» THE PROBLEM: Each line from the one with "VATSIM & MSFS 2020" through the last line of the material is to be printed exactly; no other line and no picture belongs in the copy.
--- START ---
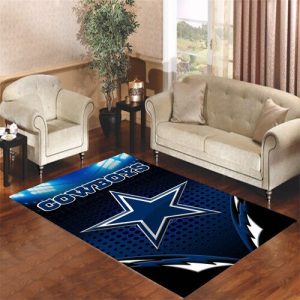 Dallas Cowboys Living Room Carpet Rugs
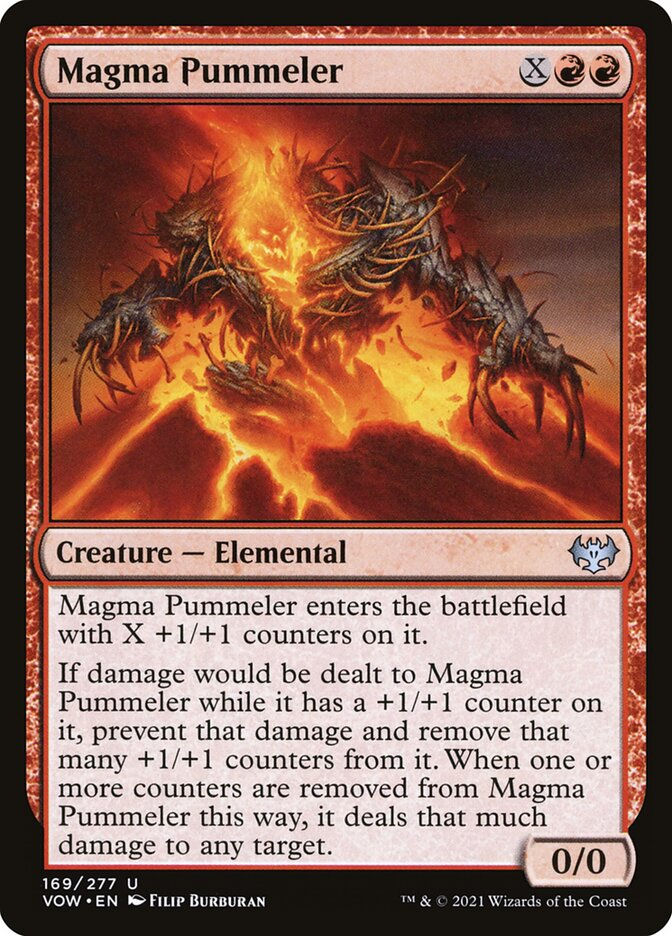 Magma Pummeler (VOW) (169)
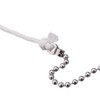 Shappy 2 Pack Steel Beaded Ball Pull Chain String Extension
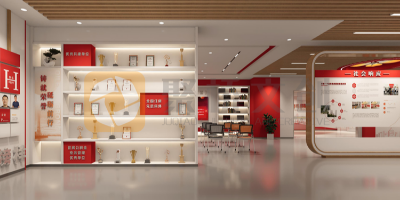 醫(yī)院黨建展廳設(shè)計(jì)：聚焦醫(yī)德建設(shè)，打造有溫度的紅色教育空間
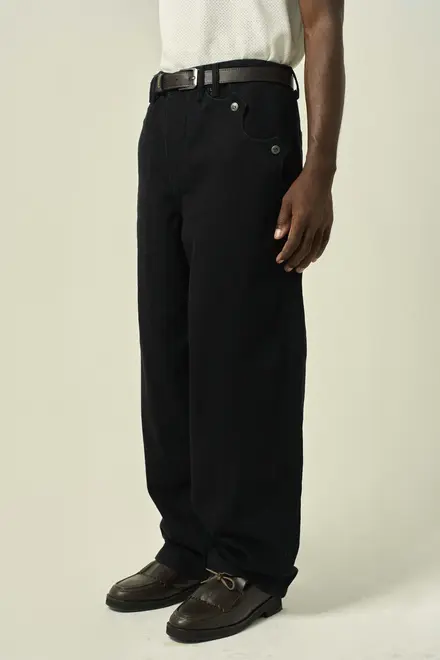 CALCA BARRA CREW JEANS CLASSICA
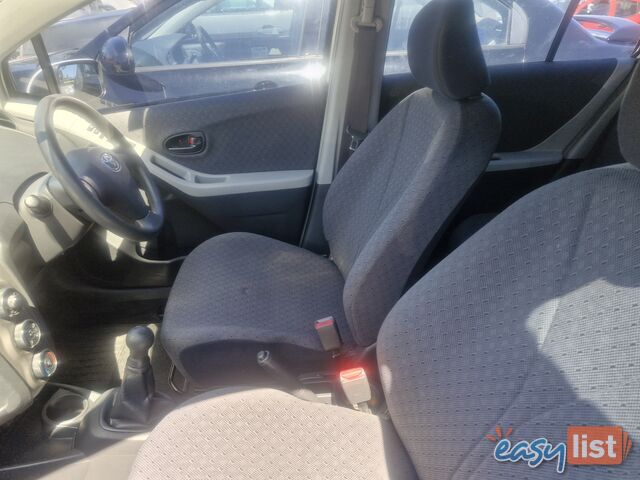 2009 Toyota Yaris EDGE VVTI Hatchback Manual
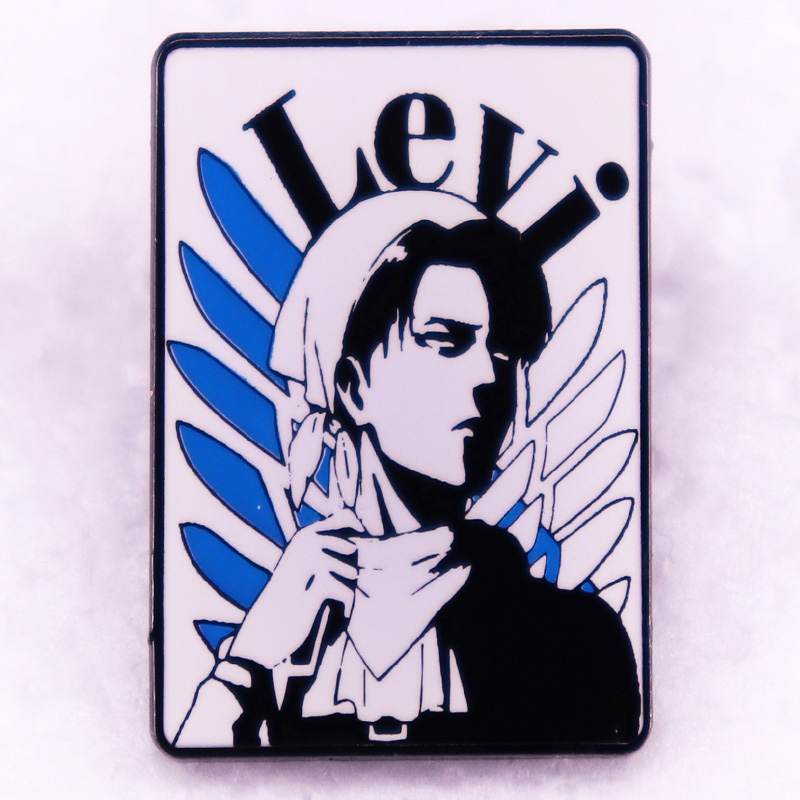 Levi Jewelry & Watches Inc - เข็มกลัดลายอนิเมะสำหรับเด็กผู้ชายเข็มกลัดชุดการ์ตูนญี่ปุ่นของขวัญเครื่องประดับ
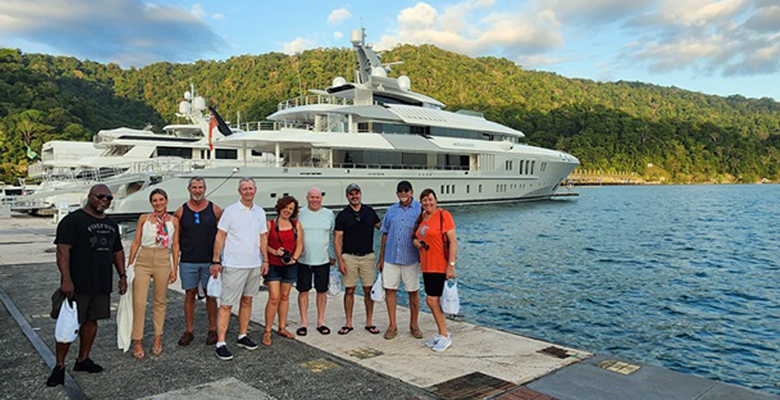 MBG and SeaKeepers are Science & Marina Partners
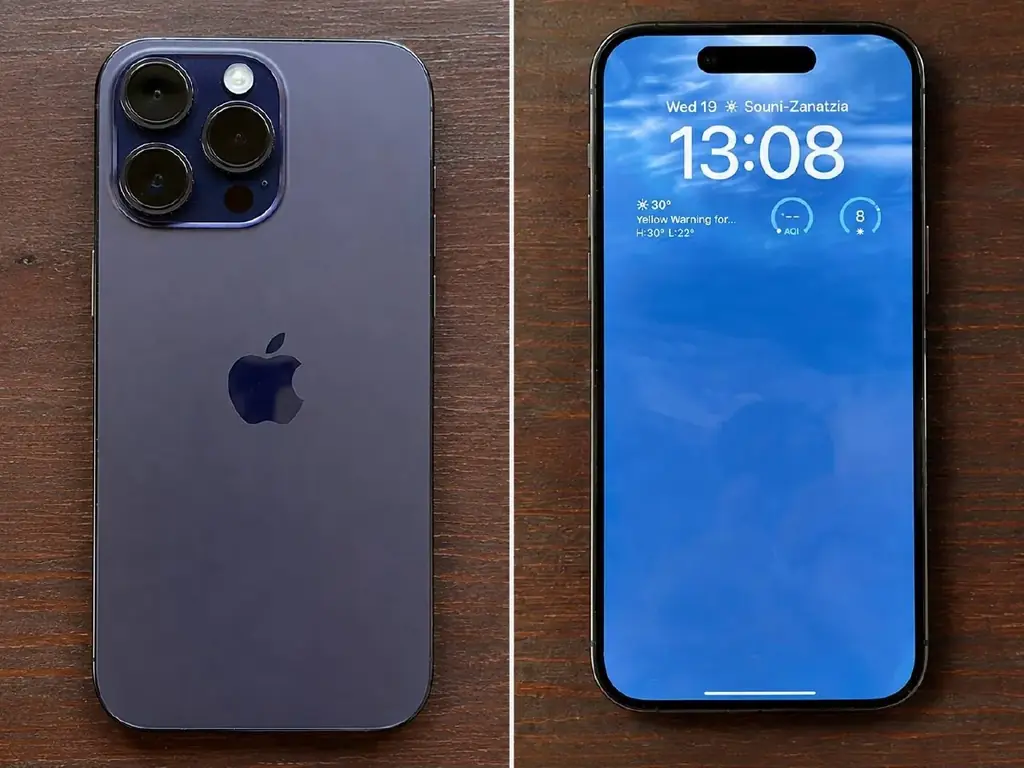 Продам iPhone 14 Pro Max 128 GB Deep Purple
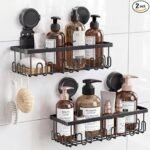 no drill shower caddy solution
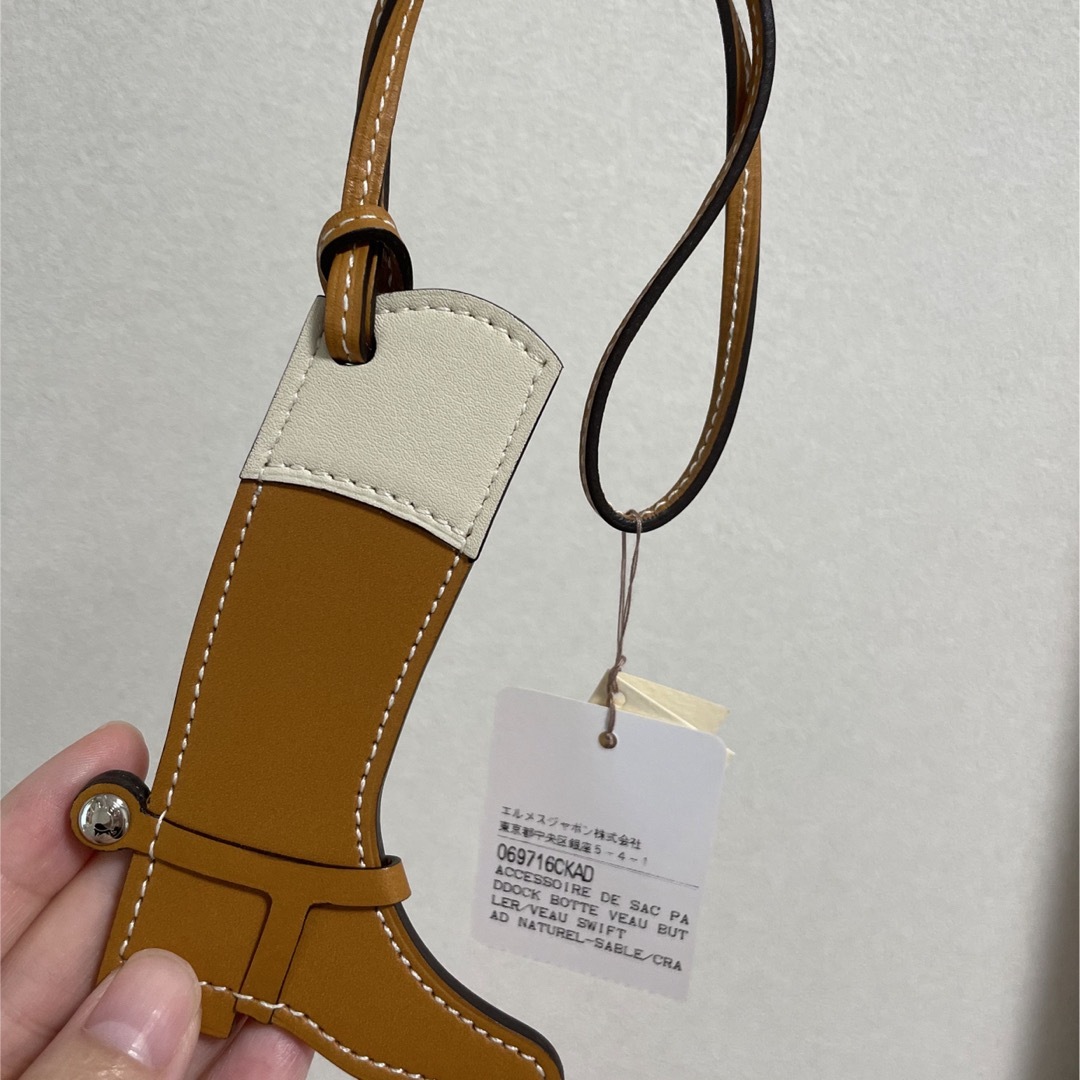 Hermes(エルメス)の エルメス チャーム パドック ボット ハンドメイドのファッション小物(バッグチャーム)の商品写真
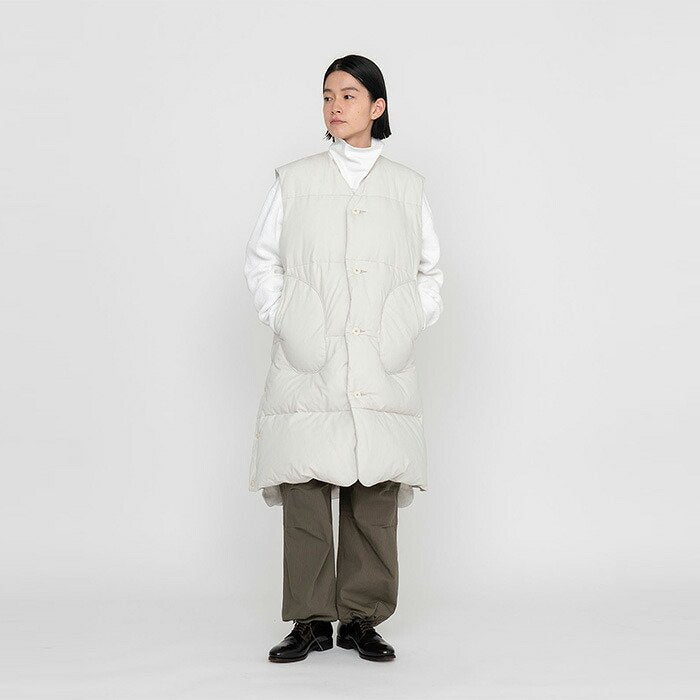NANAMICA ロングダウンベスト SUAF292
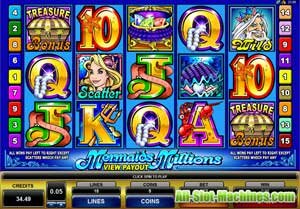 Mermaids Millions slot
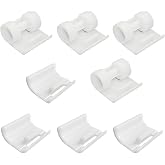 8Pcs 896584000-259/896584000-099 Front Skirt with Rollers | for 2 Wheel/4 Wheel Pressure Suction Pool Cleaners (4 Sets)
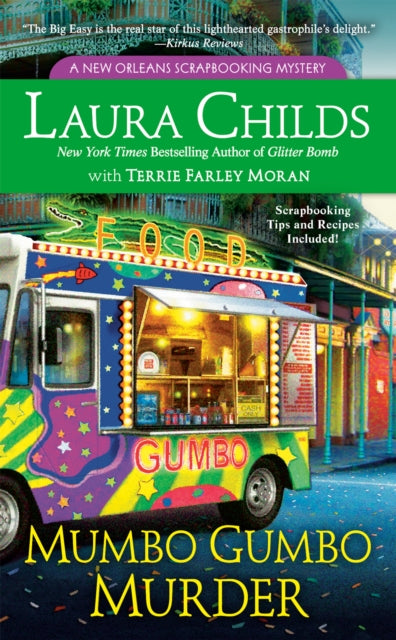 Book cover of: Mumbo Gumbo Murder. By: Laura Childs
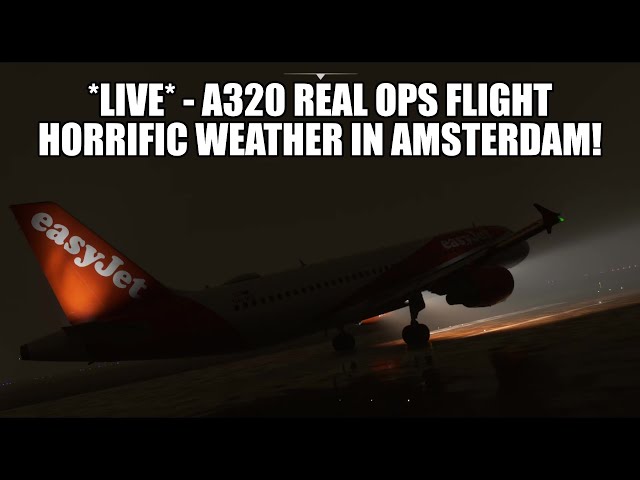 🔴 LIVE: A320 Real Ops - Berlin to Amsterdam | Fenix A320, VATSIM & MSFS 2020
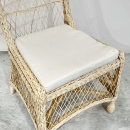 Chaise 'Kranggan' en rotin naturel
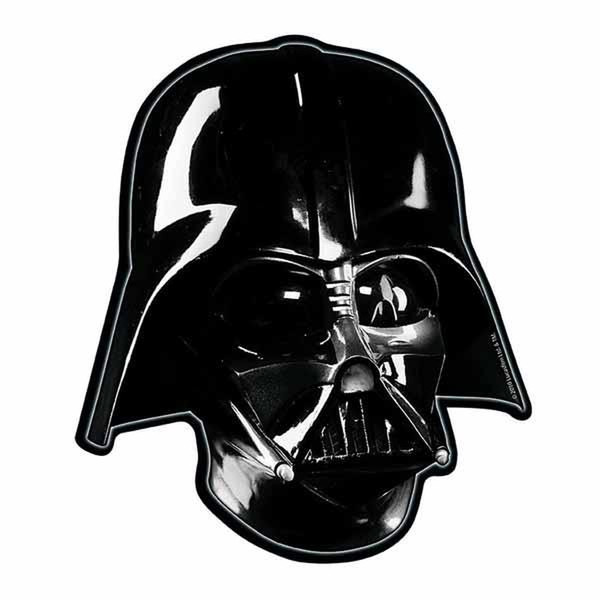 ABYstyle STAR WARS mousepad Darth Vader in shape Black,White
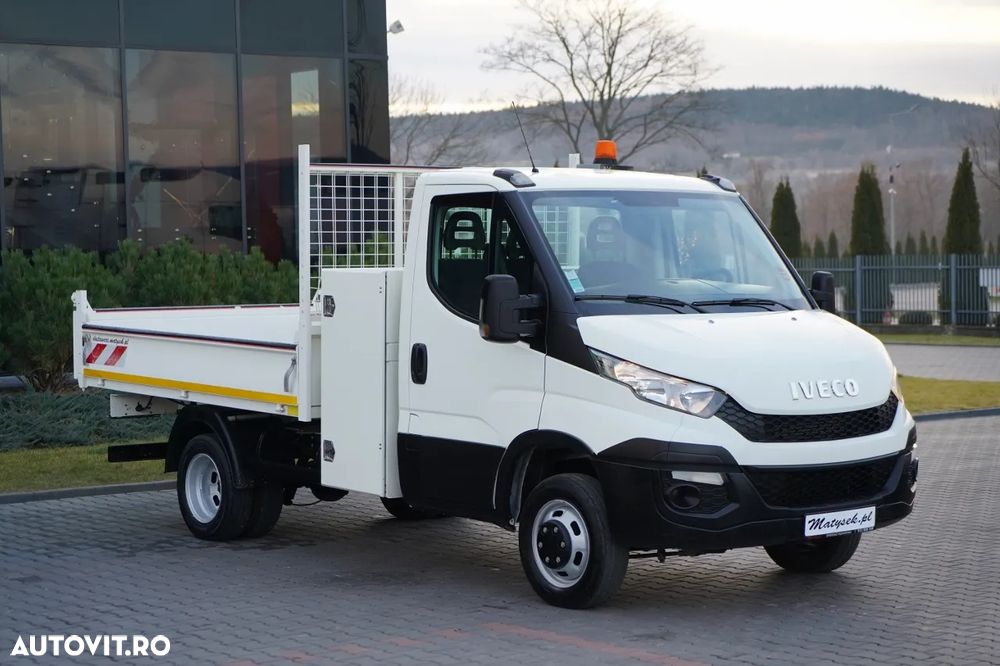 Iveco DAILY 35-130 / BASCULATOR SPATE / DUBLU / MANUAL - 3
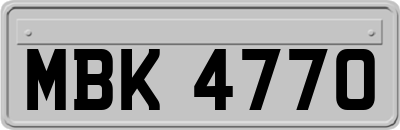 MBK4770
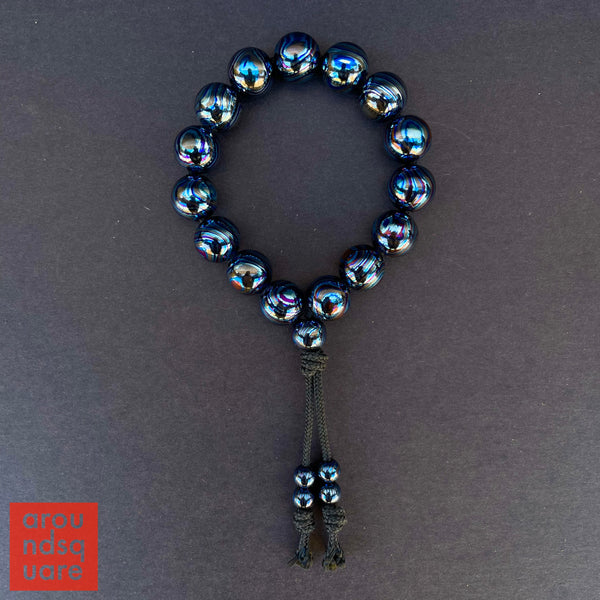 15mm Zircuti Mala Beads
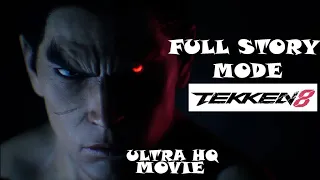 Tekken 8 - Full Story Mode Movie (All Cutscenes)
--- END ---
» ANSWER SECTION:
 🔴 LIVE: A320 Real Ops - Berlin to Amsterdam | Fenix A320, VATSIM & MSFS 2020
 Chaise 'Kranggan' en rotin naturel
 ABYstyle STAR WARS mousepad Darth Vader in shape Black,White
 Iveco DAILY 35-130 / BASCULATOR SPATE / DUBLU / MANUAL - 3
 MBK4770
 15mm Zircuti Mala Beads
 Tekken 8 - Full Story Mode Movie (All Cutscenes)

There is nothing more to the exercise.